Chargement...
YOZONE
Le cyberespace de l'imaginaire




Légendes d’Afrique
Marc Bailly (anthologiste)
Elenya, anthologie de genres divers, 397 pages, janvier 2015, 18€

L’Afrique, c’est beaucoup de peuples, beaucoup de pays, beaucoup de paysages, beaucoup de croyances et de folklores parfois mêlés, souvent distincts. Sur une telle diversité, dix-neuf nouvelles sans thématique commune, relevant pour certaines de la littérature générale, pour d’autres du conte, pour d’autres encore du fantastique, voire de la science-fiction, c’est également, de façon inévitable, une grande hétérogénéité. Le rendu que nous ferons de ce volume sera donc, par essence, subjectif, avec le choix de mettre en avant certains textes qui nous ont semblé se détacher de l’ensemble.



Au Nigéria, dans la bibliothèque de Lagos, le narrateur compulse par ordre alphabétique les ouvrages dédiés aux légendes africaines, mais une lettre manquante recèle une signification toute particulière. Si l’âme de l’Afrique apparaît à travers les contes, celle du narrateur ne finira-t-elle par apparaître à travers cette histoire ? Entre passé et futur, l’« Anima mea » de notre collaborateur Alain Dartevelle, avec sa chute difficilement prévisible, illustre la dualité trouble d’un présent s’intéressant encore au passé mais déjà happé par l’avenir.

Sympathique récit d’inspiration steampunk « Qui se souvient encore de moi » d’Emmanuelle Nuncq met en scène, à l’époque adéquate, une expédition archéologique sur l’île d’Ephèse. Mais il est essentiellement question d’une variété optique d’archéologie puisqu’il s’agit rien moins que de mettre en œuvre une classique machine infernale, la Victorine ou Rétroscope ou encore Commuto-galvani-chrono-rétroscope, qui permet d’obtenir des vues du passé. Contée par la seule femme de l’expédition, bien entendu victime des préjugés sexistes de l’époque, cette histoire fait apparaître à travers les siècles, et même dans le présent, le fantôme d’Arsinoé, sœur de Cléopâtre qui tente désespérément d’échapper à l’oubli.
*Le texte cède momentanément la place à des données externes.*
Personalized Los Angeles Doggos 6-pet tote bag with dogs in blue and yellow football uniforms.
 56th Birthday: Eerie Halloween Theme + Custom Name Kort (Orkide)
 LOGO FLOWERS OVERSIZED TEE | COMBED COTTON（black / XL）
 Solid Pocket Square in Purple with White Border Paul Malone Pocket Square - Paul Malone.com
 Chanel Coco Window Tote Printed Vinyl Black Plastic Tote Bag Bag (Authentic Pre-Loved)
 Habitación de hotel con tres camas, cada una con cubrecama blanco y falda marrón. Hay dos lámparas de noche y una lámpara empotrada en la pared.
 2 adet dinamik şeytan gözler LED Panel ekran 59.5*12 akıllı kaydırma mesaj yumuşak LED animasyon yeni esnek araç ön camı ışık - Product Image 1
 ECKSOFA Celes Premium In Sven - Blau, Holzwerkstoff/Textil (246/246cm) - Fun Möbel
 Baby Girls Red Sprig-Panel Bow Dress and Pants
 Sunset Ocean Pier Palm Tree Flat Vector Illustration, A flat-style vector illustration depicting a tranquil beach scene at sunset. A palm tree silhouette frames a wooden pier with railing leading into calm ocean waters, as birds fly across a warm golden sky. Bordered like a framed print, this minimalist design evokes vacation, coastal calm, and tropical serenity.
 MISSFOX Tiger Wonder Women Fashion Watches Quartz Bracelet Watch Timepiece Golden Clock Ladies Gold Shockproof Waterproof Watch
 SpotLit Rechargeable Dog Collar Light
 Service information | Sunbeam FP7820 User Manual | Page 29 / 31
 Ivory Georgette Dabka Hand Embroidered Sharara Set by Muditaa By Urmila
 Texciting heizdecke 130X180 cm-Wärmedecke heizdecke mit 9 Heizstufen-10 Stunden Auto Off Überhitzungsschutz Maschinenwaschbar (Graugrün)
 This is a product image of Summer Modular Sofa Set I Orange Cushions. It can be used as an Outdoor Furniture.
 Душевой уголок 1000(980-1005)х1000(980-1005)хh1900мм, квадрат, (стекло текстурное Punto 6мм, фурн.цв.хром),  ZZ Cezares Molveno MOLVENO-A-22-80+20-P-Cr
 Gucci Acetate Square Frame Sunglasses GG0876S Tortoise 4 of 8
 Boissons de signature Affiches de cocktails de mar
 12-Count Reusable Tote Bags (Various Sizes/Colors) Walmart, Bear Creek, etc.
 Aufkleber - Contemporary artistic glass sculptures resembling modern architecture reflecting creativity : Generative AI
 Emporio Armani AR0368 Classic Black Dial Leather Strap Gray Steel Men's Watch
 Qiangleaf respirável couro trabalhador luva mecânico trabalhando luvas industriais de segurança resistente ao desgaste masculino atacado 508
Pas vraiment de spécificité africaine pour « Sables » de Christophe Collins, mais un bon récit de science-fiction. Concis, efficace, inventif, réussi, « Sables » se permet également de jouer sur les fondements de la fiction et s’offre une allusion à un certain commandant Morane, qui prend toute sa saveur lorsque l’on sait que Christophe Collins est par ailleurs le continuateur de l’œuvre d’un certain Henri Vernes.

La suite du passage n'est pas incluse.